A Sense of Power
This series of events made consumers aware that petroleum politics were part of a battle with OPEC countries. In fact, the pre-release version of Operation Conservation (view an excerpt) was A Sense of Power. It is likely that the film was more about responding to the events of 1973 than to the threat of oil reserves running out – which, as we know, has yet to happen.
A Personal Approach
Not all sponsored films had a message, attempted to promote the activities of a ministry, or sought to persuade people to the benefits of an idea or course of action. They could take a more subtle point of view, and some – through the efforts of their directors – even became personal films. One of the best examples of this type of film is Death of a Legend (view an excerpt) by filmmaker Bill Mason.
From Film to Television
In fall 1966 the Canadian Wildlife Service asked the NFB to produce a short film on North American wolves to promote conservation efforts of the Service.

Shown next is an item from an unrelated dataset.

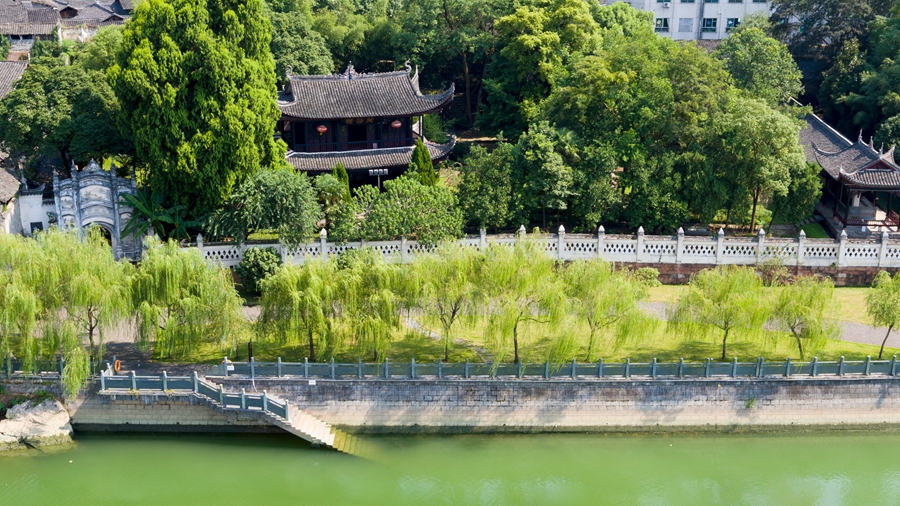 坐落在沅水河畔的黔阳古城古色古香,颇有一种质朴和悠然的韵味。 坐落在沅水河畔的黔阳古城古色古香,颇有一种质朴和悠然的韵味。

The film was meant to place the wolf in a positive light, and show how this predator plays an important role in maintaining ecological balance. Death of a Legend (view an excerpt) was originally to be shot in 35 mm and launched the following year as part of Canada’s centennial celebrations. In the end, it was shot in 16 mm and premiered on television in fall 1971.
It took Bill Mason three years to shoot the footage he needed, including images of wolves filmed in their natural habitat on Baffin Island in the Arctic. Mason also brought back two wolves, which he raised in captivity. This allowed him to film images capturing an event that had never been seen before: the birth of seven wolf cubs. He would later return to the Arctic to release four of the wolf cubs and film them as they adapted to an unfamiliar environment. Death of a Legend (view an excerpt) offered a new way of looking at wolves. It debunked the notion that wolves were ferocious, bloodthirsty killers, and focused instead on their social organization and life cycle. The film was first broadcast on CBC on September 28, 1971. It would gain large audiences and many awards, and, in time, was recognized as an NFB classic.
|Tomorrow Is Too Late|
This film attempts to show that Environment Canada's Fisheries and Marine Services is doing its job well. The government has raised standards for salmon conservation and agents of the ministry conduct frequent and thorough surveys.